• [Work instruction]
Everything from the line containing "497 Connecticut Huskies" through the final line below must be output exactly, both ends included, with nothing else and no pictures.

• [Supplied data]

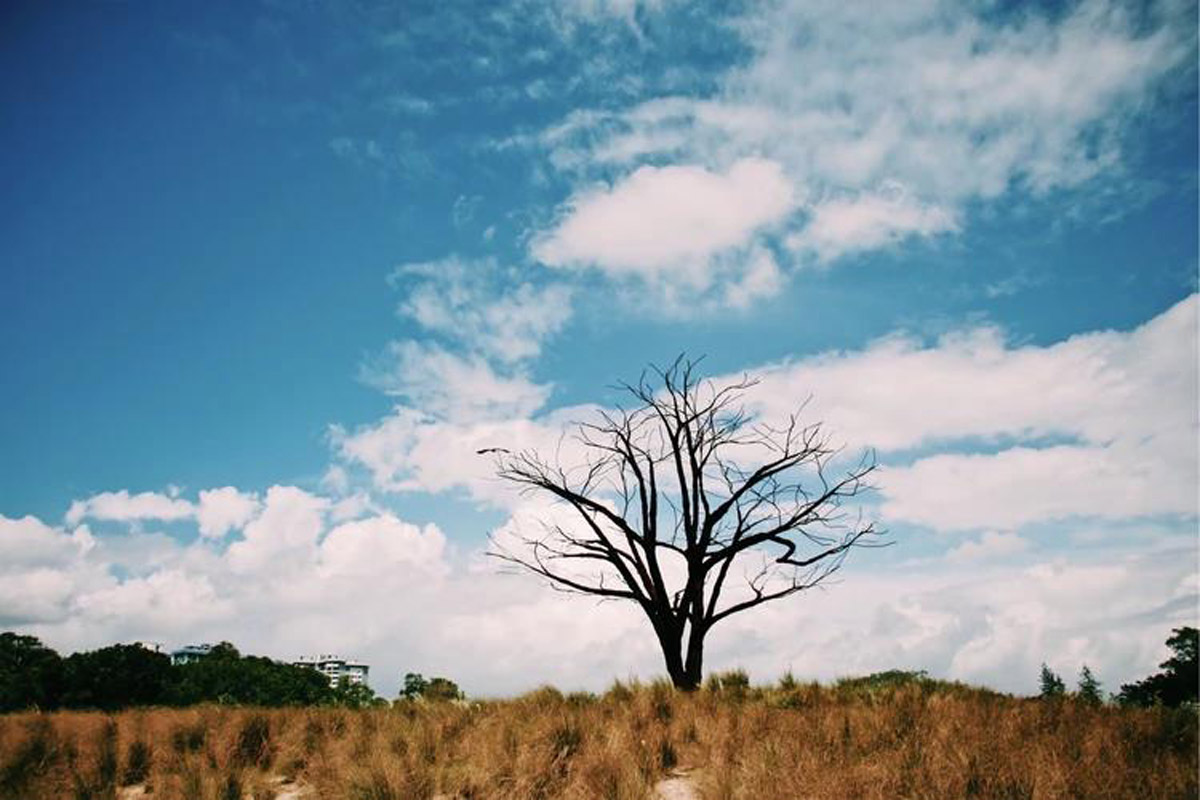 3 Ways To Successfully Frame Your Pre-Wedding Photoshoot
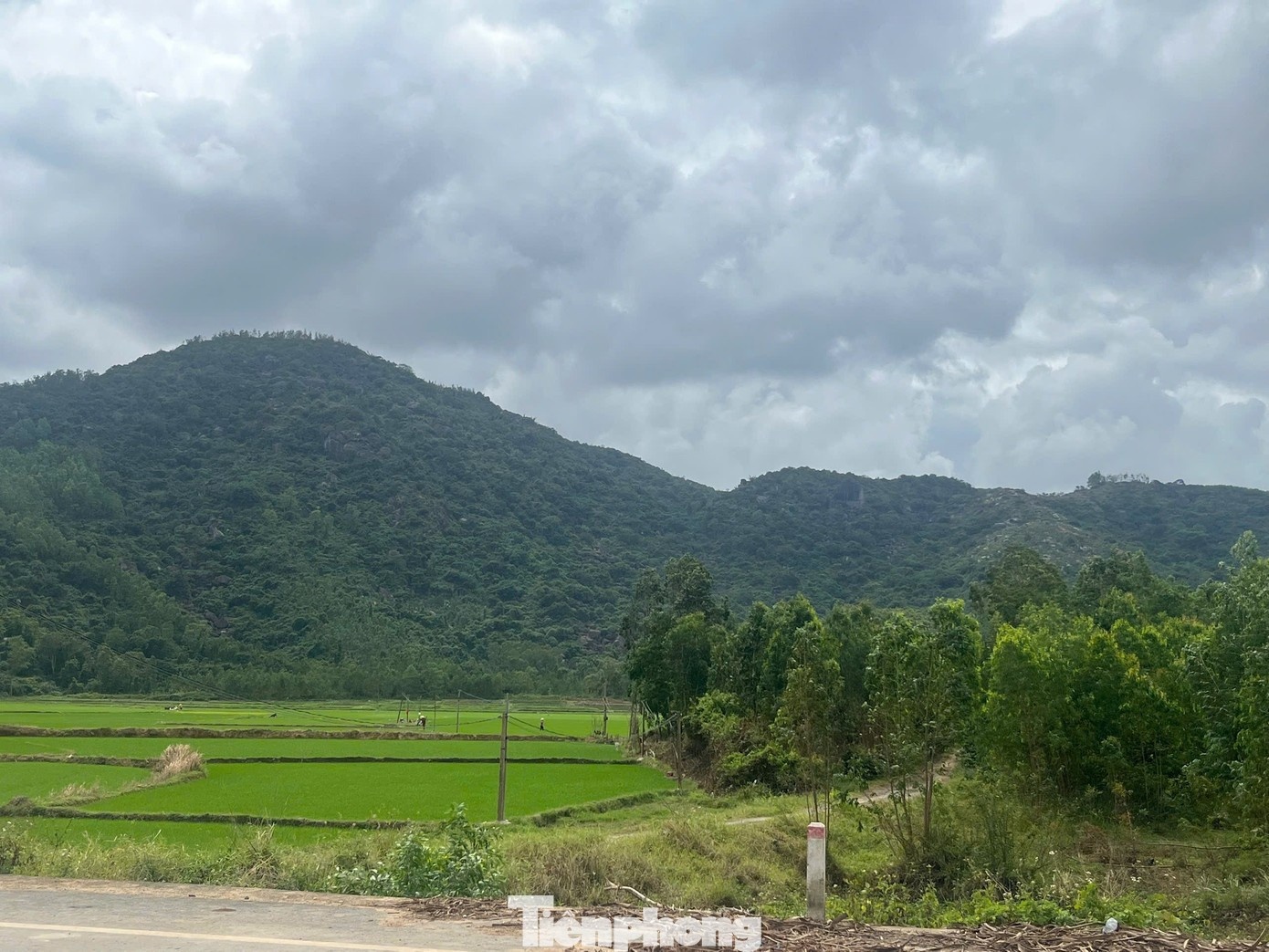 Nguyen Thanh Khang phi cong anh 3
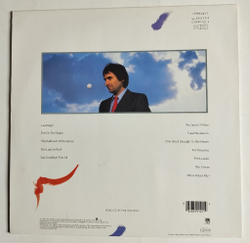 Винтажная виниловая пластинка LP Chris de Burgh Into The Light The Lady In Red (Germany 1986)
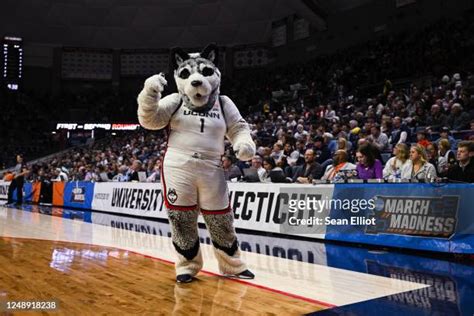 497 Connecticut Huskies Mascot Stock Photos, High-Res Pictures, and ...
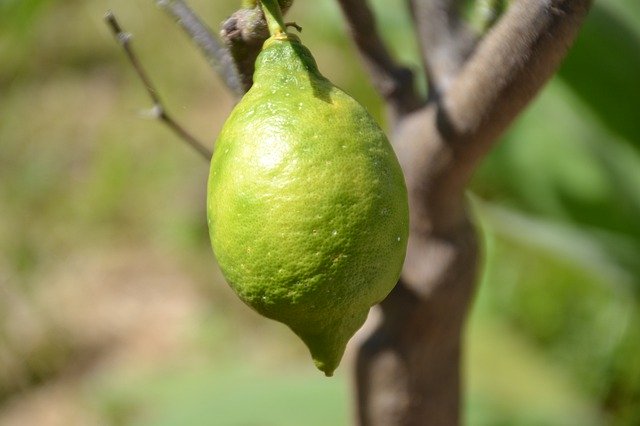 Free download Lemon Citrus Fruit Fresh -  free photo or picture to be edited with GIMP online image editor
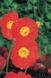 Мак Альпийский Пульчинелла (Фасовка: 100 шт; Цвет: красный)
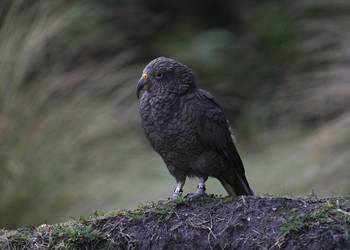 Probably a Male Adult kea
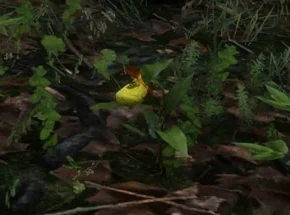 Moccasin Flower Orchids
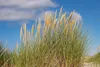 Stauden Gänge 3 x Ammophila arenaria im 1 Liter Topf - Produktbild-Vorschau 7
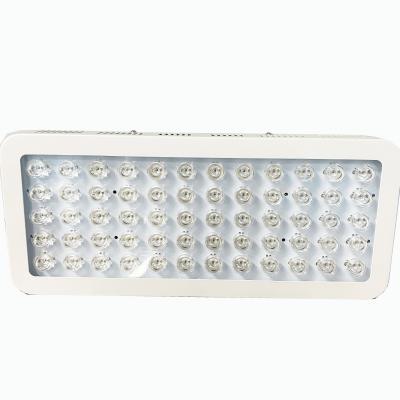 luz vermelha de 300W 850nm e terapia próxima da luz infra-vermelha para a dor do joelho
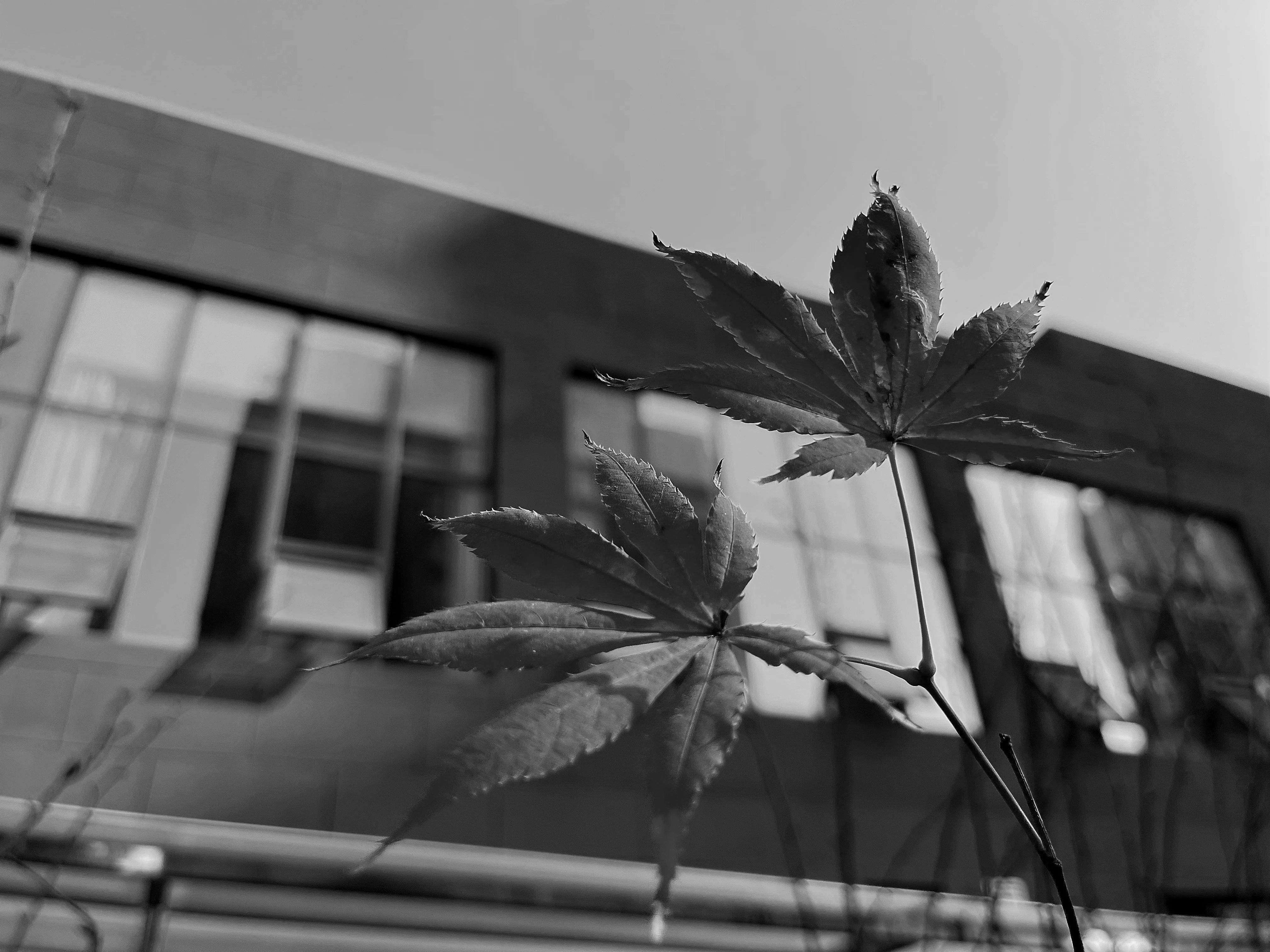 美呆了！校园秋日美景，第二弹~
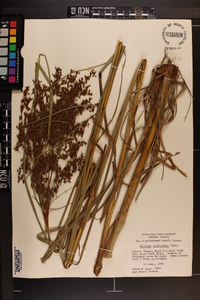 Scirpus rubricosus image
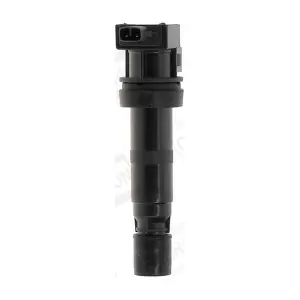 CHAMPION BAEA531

• [Final answer]
 497 Connecticut Huskies Mascot Stock Photos, High-Res Pictures, and ...
 Free download Lemon Citrus Fruit Fresh -  free photo or picture to be edited with GIMP online image editor
 Мак Альпийский Пульчинелла (Фасовка: 100 шт; Цвет: красный)
 Probably a Male Adult kea
 Moccasin Flower Orchids
 Stauden Gänge 3 x Ammophila arenaria im 1 Liter Topf - Produktbild-Vorschau 7
 luz vermelha de 300W 850nm e terapia próxima da luz infra-vermelha para a dor do joelho
 美呆了！校园秋日美景，第二弹~
 Scirpus rubricosus image
 CHAMPION BAEA531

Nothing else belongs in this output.